Taking a bit of a break from the comms board prototype, I spent some time working on the IsaacLab reinforcement learning setup.
Up until now, the Isaac Lab setup imports the robot asset but doesn’t actually do anything of value, so it’s just falling over.
While it has not got to a stage to be able to say that it’s made any progress with walking or standing, progress has been made towards it. Understanding the skeleton of the `*_env.py` file has greatly improved, and having some at least arbitrary rewards and done criteria with logs from runs will help me shape the future iterations of it.

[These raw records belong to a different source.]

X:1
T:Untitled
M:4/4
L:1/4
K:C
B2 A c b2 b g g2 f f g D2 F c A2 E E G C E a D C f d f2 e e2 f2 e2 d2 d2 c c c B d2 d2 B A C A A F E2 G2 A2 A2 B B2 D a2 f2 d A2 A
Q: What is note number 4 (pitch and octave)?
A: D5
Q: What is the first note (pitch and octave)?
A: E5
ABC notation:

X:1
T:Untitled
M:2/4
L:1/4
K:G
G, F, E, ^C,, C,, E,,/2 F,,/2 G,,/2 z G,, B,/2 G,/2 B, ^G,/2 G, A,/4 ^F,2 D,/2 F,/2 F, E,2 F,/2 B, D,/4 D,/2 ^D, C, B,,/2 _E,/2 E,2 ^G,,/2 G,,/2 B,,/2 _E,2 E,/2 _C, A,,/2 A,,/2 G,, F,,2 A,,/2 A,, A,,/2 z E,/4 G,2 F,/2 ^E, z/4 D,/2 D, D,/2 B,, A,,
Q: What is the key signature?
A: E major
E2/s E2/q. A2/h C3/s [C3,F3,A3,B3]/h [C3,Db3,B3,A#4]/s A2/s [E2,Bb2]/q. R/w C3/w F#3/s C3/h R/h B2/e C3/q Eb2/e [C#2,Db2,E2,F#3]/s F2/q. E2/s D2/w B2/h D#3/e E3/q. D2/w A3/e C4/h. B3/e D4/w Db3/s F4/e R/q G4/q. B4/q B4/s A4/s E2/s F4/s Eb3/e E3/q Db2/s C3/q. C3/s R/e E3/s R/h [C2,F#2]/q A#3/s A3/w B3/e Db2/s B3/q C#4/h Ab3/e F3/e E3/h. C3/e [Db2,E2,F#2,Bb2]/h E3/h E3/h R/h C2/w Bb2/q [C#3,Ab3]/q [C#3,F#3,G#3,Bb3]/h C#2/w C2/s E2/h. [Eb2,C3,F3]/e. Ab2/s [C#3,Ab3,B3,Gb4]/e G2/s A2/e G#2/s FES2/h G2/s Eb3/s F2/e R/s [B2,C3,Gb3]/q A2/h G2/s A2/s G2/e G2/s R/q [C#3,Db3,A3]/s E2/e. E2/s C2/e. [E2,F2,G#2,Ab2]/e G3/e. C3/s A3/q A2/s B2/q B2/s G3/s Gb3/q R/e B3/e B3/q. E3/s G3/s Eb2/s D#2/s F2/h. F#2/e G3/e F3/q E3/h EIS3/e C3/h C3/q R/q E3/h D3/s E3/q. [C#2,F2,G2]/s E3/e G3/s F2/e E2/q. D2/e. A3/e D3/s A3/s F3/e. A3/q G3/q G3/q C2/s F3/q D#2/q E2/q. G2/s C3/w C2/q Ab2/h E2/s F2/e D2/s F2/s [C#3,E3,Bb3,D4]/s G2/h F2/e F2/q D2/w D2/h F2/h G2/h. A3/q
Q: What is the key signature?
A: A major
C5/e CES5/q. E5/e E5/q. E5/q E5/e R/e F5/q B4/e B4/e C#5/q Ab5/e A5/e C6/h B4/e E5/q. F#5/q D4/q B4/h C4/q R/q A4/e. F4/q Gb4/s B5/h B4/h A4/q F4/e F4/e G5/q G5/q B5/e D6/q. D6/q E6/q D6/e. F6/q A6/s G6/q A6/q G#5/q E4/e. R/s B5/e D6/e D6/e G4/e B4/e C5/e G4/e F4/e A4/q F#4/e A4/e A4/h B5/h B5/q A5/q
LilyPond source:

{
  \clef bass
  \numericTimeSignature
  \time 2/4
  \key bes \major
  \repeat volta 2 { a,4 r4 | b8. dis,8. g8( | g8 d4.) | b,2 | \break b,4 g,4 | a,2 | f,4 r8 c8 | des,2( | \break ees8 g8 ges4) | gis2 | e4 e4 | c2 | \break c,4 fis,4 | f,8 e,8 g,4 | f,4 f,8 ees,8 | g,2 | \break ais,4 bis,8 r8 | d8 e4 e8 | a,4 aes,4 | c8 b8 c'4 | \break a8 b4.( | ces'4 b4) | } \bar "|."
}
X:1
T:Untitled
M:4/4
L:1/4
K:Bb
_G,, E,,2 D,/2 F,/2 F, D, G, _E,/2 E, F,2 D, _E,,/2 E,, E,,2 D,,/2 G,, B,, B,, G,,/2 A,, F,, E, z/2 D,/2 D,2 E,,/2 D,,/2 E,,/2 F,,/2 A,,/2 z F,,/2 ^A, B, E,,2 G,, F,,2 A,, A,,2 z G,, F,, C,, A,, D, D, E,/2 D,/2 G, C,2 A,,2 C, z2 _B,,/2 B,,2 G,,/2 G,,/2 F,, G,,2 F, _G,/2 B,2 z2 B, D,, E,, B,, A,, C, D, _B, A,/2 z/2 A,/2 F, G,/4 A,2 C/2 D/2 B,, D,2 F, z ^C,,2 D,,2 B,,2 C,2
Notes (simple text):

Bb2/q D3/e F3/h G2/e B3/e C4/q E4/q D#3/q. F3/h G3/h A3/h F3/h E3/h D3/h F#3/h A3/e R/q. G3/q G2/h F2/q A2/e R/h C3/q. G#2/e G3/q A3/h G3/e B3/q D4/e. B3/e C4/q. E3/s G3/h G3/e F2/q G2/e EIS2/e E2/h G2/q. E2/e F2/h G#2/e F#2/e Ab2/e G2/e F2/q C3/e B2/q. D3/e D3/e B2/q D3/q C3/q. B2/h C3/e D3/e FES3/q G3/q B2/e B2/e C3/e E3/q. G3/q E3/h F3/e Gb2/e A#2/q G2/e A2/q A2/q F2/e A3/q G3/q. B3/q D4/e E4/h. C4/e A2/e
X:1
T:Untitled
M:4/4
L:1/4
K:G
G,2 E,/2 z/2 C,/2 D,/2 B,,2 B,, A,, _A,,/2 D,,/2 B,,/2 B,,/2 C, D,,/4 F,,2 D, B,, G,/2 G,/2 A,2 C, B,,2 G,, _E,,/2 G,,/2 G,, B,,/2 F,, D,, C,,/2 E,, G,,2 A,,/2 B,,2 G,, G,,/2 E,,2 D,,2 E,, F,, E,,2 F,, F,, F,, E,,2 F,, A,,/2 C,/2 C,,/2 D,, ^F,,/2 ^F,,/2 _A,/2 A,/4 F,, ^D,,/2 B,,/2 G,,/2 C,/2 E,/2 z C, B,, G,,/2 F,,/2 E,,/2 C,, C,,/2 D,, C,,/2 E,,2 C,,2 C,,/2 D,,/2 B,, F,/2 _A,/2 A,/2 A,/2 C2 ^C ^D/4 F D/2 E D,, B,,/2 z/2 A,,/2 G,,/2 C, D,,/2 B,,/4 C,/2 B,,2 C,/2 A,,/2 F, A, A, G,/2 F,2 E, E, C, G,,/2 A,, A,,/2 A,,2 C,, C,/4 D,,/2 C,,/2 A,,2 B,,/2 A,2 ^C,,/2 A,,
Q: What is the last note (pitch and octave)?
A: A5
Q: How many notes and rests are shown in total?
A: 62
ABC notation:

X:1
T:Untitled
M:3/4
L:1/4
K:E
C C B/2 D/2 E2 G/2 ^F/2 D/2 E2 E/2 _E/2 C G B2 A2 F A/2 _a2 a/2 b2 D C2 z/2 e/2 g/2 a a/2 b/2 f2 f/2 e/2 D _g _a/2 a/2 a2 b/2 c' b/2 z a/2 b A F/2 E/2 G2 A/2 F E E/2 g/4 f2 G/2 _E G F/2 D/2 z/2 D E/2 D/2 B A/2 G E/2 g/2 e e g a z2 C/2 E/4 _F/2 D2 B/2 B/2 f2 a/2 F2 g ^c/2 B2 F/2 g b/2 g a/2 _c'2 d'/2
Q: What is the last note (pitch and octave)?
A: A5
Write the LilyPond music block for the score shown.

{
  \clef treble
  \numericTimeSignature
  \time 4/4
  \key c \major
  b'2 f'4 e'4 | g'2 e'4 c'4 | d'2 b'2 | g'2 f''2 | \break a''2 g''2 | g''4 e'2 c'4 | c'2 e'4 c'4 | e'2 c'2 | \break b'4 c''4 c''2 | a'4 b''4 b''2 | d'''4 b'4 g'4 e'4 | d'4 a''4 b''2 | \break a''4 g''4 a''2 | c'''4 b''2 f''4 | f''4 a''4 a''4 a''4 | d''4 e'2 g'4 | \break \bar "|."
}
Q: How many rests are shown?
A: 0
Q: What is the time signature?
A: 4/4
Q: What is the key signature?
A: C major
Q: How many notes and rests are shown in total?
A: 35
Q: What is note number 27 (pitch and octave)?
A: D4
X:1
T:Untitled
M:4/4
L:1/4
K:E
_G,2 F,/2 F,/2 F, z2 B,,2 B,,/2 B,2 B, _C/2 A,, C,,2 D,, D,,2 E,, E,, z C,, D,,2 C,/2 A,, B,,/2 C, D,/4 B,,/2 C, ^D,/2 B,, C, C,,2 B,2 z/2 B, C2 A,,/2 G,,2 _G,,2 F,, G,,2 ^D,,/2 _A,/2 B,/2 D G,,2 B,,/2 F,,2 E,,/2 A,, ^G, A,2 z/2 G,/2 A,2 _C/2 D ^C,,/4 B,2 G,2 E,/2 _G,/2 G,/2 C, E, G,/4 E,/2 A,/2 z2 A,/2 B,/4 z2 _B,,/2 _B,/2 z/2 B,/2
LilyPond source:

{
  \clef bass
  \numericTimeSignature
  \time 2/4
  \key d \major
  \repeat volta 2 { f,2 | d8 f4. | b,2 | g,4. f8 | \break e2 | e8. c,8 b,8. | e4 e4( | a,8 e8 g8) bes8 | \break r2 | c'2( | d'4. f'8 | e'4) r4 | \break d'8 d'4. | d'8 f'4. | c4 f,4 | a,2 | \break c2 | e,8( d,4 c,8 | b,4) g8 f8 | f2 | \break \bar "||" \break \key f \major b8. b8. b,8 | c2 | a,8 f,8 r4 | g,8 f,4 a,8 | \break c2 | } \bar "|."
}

An amusing example of it after training:
Existing setups
I spent some time trying to understand how others had framed the different sections in their environments with the main focus being on commands, observations, and rewards. The locomotion/humanoid and Anymal C have been the primary influences shaping the current state. I do want to better understand the BD-X and Olaf robot training setups as they seem to use pre-defined gaits as some of the commands to train against (at least in some of their policies). The Berkeley Humanoid also seems like a good point of reference. At the various sections I’ve added a non-exhaustive list for comparing (hopefully accurate)
Creating biped_robot_b1_env.py
A lot of what I have in the environment has come from the locomotion (humanoid) and Anymal C environment set ups. Some of the approaches are relevant, some less so. I wanted this first pass to be built on those as a stepping stone to better my understanding of the different aspects and different trade-offs.
The setup
The environment is setup quite basic. Flat floor with the environments spaced a small distance apart.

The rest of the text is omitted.